The first time I was ever in Manhattan was in December of 1990. I had flown from San Antonio to Newark on a Saturday for a Monday business meeting. I added the extra day to my trip so I could have a day to walk around and explore New York City.
I crammed a lot into a single day. I walked down Fifth Avenue and saw the Christmas displays. I went into Macy’s just to say I’d been there (and, if the truth be known, to look for Kris Kringle!). I bought tickets for the 9:00 pmChristmas extravaganza at Radio City Music Hall and saw the Rocketts perform.
And I followed a tip someone had given me. I went to the corner of 47th Street and 7th Avenue right at 11:00 am and got in line to buy a half priced ticket to a Broadway show.
I didn’t have a particular Broadway show in mind. In fact, there weren’t a whole lot of shows on Broadway that year that I was interested in. But I was in New York and I wanted to be able to say that in addition to the Radio City Christmas Spectacular, I’d also seen a show on Broadway!
As it turned out, I scored. I purchased a half price ticket and saw Jane Alexander and Nigel Hawthorn in the play Shadowlands. It’s the true story of how a 58 year old confirmed bachelor, CS Lewis, met, fell in love with and ultimately married a 41 year old divorced mother of two, Joy Davidman, a one time communist and atheist who had converted to Christianity.
In God’s providence, my first Broadway play was a powerful story of love and faith and grace. That’s something you don’t see on Broadway very often!
It occurs to me that in our day, there are a lot of people who see attending church in much the same way as they see attending a play. They take a consumer approach to church. They join or regularly attend the church that has a worship service that appeals to them – something that moves them emotionally, challenges them intellectually, or that helps them in their daily life. For most, being part of a church means you show up on Sunday at watch what happens. You are a spectator.
When that becomes the approach that people take to being part of a local church, three things usually happen.
First, the church becomes defined by the characteristics of the Sunday morning worship service. If people want to know what kind of church you are, the Sunday worship service winds up being the principal way that question gets answered for people.

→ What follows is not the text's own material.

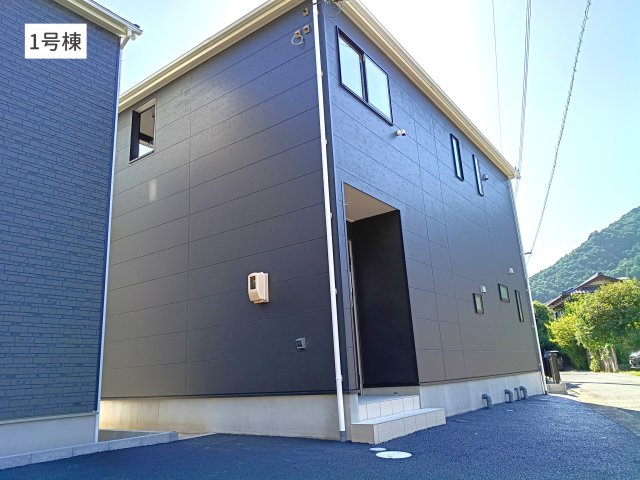 クレイドルガーデン山口市天花 第3の外観|1号棟
スタイリッシュで落ち着いたダークトーンの外壁が魅力的なモダンな外観。玄関まわりもスッキリとしたデザインでプライバシーにも配慮された造りです。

As a result, the second thing that happens is that most church leaders pour most of their time, effort and energy into shaping the Sunday morning event, to make it as attractive and compelling as they can. They make sure the basics are covered – good coffee in the lobby, a clean nursery for the babies, a tight band leading the music and an engaging message that connects. The point is, Sunday morning winds up being the central focus for many church leaders.
In the process, people who come for the worship service begin to see their attendance and engagement on Sunday morning as what it means for them to be an “active part of a local church.”
Let me be quick to say here that I think regularly gathering as the people of God for corporate worship is one of the main functions of a local church. We are told that we should not forsake the practice of assembling. Gathering to express our worship, to pray together, to hear God’s word preached and to take the Lord’s Supper together is a primary part of what a church is called to do.
But when a church is defined primarily by what happens on Sunday morning, here’s what starts to happen:
- Church members become shoppers, consumers, attendees and spectators. We start to refer to those who show up as the audience and not as the congregation.
- Church leaders can start to see themselves primarily as event producers.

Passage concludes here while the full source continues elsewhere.